(Data items)
* * * *

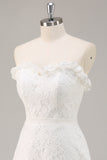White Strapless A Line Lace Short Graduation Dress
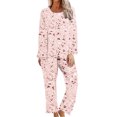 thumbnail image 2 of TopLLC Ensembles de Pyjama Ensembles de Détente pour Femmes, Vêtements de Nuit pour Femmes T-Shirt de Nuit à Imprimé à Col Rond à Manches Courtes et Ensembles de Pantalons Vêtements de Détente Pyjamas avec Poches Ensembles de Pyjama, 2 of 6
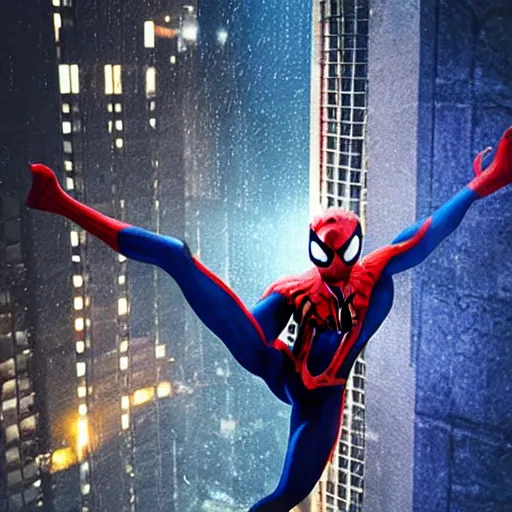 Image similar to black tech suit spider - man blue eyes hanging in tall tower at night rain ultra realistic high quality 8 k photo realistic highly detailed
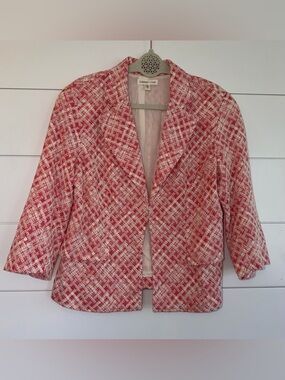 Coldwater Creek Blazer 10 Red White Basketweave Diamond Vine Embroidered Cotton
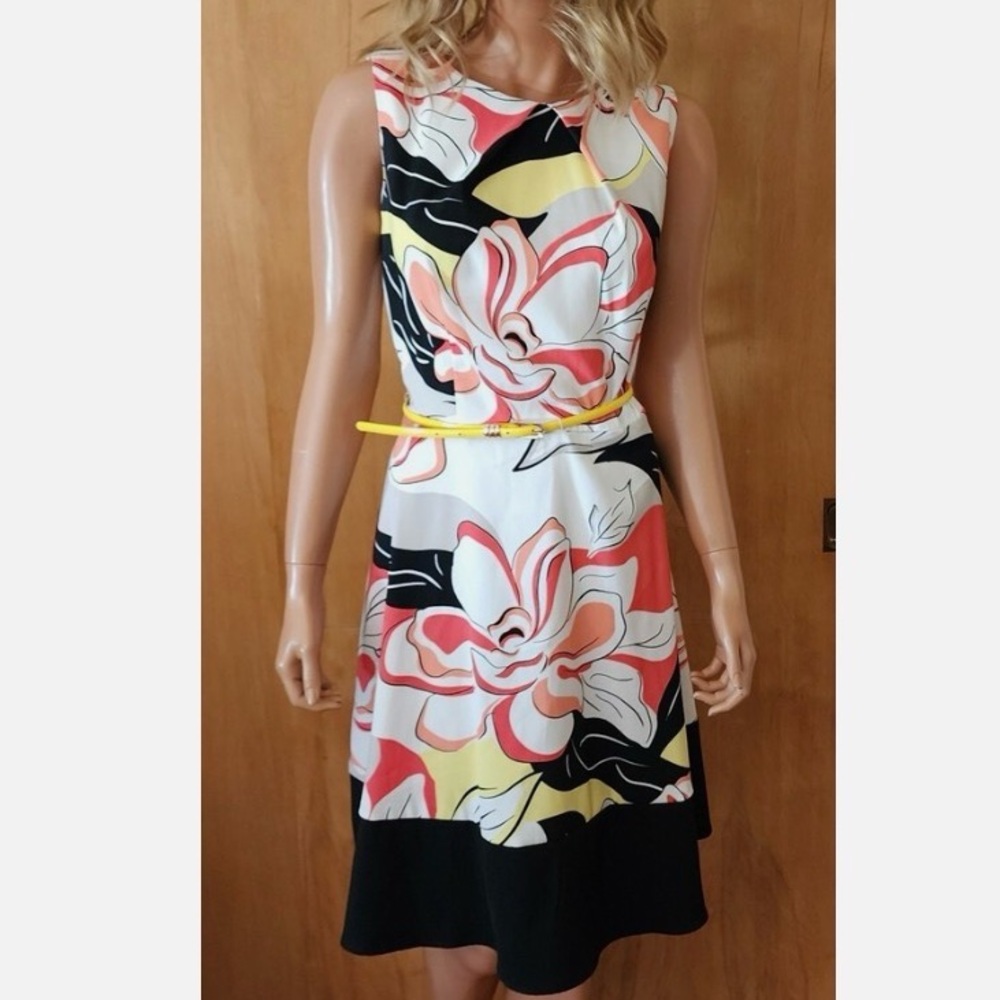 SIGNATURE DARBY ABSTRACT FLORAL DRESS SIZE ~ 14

* * * *

What you are asked to do:
Print all records word for word, no images.

Answer:
White Strapless A Line Lace Short Graduation Dress
 thumbnail image 2 of TopLLC Ensembles de Pyjama Ensembles de Détente pour Femmes, Vêtements de Nuit pour Femmes T-Shirt de Nuit à Imprimé à Col Rond à Manches Courtes et Ensembles de Pantalons Vêtements de Détente Pyjamas avec Poches Ensembles de Pyjama, 2 of 6
 Image similar to black tech suit spider - man blue eyes hanging in tall tower at night rain ultra realistic high quality 8 k photo realistic highly detailed
 Coldwater Creek Blazer 10 Red White Basketweave Diamond Vine Embroidered Cotton
 SIGNATURE DARBY ABSTRACT FLORAL DRESS SIZE ~ 14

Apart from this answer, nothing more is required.